Nonetheless, Pierson claims the right to arbitrate who is, and is not, conservative.
This month, shortly after National Review released its issue editorializing against Donald Trump’s White House bid, Pierson tweeted: “Do ‘conservatives’ whom no one ever heard of before 2008 all of the sudden think they own the place?” Among the conservatives who contributed to National Review’s symposium were Stanford economist Thomas Sowell and RedState founder Erick Erickson. Funnily enough, among people who had heard of Thomas Sowell and Erick Erickson: Katrina Pierson. “Support for Newt,” she wrote in her Gingrich endorsement, “has come from Michael Reagan, Sarah and Todd Palin, Thomas Sowell, Fred Thompson, J. C. Watts, Chuck Norris, Michael Williams, and many others who have had the guts to be on the front lines of this fight.” And touting Ted Cruz’s Senate bid in July 2012, Pierson noted that his supporters included “prominent conservatives” such as “Erick Erickson.”
To this one must add that NR’s symposium also included contributions from former attorneys general Ed Meese and Michael Mukasey, and commentator Bill Kristol, all of whom (along with Sowell) have been tilling the soil of conservatism since, quite literally, before Pierson was born.
Donald Trump has been hailed as the standard-bearer of a new right-wing politics. He, of course, isn’t. Trump is a calculator and manipulator who struck upon conservative politics as the best available vehicle to further facilitate his own self-aggrandizement. If a new right-wing politics is making its debut, it is more accurately Katrina Pierson who is its voice.

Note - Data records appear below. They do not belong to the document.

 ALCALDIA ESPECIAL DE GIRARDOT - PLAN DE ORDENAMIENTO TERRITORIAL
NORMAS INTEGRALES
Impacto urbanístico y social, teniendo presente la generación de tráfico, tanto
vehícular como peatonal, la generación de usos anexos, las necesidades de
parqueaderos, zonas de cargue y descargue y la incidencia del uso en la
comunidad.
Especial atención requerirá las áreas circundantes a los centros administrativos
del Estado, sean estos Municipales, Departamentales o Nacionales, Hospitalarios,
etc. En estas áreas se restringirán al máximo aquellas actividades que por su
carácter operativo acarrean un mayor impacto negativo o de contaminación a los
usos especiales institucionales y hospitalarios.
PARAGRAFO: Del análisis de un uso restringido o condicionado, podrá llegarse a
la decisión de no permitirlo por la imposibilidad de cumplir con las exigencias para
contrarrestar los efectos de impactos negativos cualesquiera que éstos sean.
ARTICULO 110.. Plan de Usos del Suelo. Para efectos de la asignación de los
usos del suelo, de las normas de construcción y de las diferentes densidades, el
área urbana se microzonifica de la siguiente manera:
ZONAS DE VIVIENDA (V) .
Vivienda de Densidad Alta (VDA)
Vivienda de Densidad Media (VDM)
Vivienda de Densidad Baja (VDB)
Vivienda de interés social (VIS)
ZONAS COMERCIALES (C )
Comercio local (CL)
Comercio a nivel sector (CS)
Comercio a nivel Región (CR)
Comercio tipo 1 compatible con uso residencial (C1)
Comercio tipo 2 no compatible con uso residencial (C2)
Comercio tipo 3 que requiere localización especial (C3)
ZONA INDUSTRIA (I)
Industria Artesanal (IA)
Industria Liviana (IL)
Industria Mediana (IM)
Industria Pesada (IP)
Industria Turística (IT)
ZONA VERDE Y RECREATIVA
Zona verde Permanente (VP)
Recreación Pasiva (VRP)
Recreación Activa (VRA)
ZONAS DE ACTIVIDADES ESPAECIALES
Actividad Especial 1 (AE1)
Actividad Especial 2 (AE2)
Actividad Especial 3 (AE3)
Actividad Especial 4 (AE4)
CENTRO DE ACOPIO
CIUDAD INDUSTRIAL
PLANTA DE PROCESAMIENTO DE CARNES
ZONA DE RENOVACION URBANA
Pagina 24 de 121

The tea-party movement, for all its salutary effects, always posed a particular danger: that, unmoored from a thoughtful and substantive understanding of what ideas such as “limited government” and “constitutional principles” actually mean in the conservative tradition, the movement would mutate into an inchoate disgust with politics as such. That is what has happened to Pierson. She is a true ideologue, someone who has been entirely consumed by a particular fantasy — in this case, that a villainous, infinitely expansive “Establishment” has systematically deceived voters in order to operate the levers of power in Washington, D.C., on behalf of shadowy, moneyed forces (“the donor class”). And so entrenched is this cabal that it cannot be reformed from inside by debate; it must be obliterated from without, by force — not of weapons, but of will. “We are in a war for our nation,” Pierson wrote in 2012. For her and so many others, Trump, by the force of his personality, will wrest the country back from its crisis.
What this mutant tea-party wing is clamoring for is grimly ironic: to reduce the size and scope of government by vesting power in a single individual, a Caesar who will restore the republic. It long ago escaped Pierson that the American constitutional order was erected precisely to prevent such a scheme.
In 2009, at that inaugural speech for the Dallas Tea Party, Pierson applauded her audience for seeing through Obama’s messianic façade: “Not all of us are hypnotized,” she said. “Not all of us have our heads in the sand.”
A few short years later, many on the right seem to have forgotten that false messiahs come in many forms.
— Ian Tuttle is a National Review Institute Buckley Fellow in Political Journalism.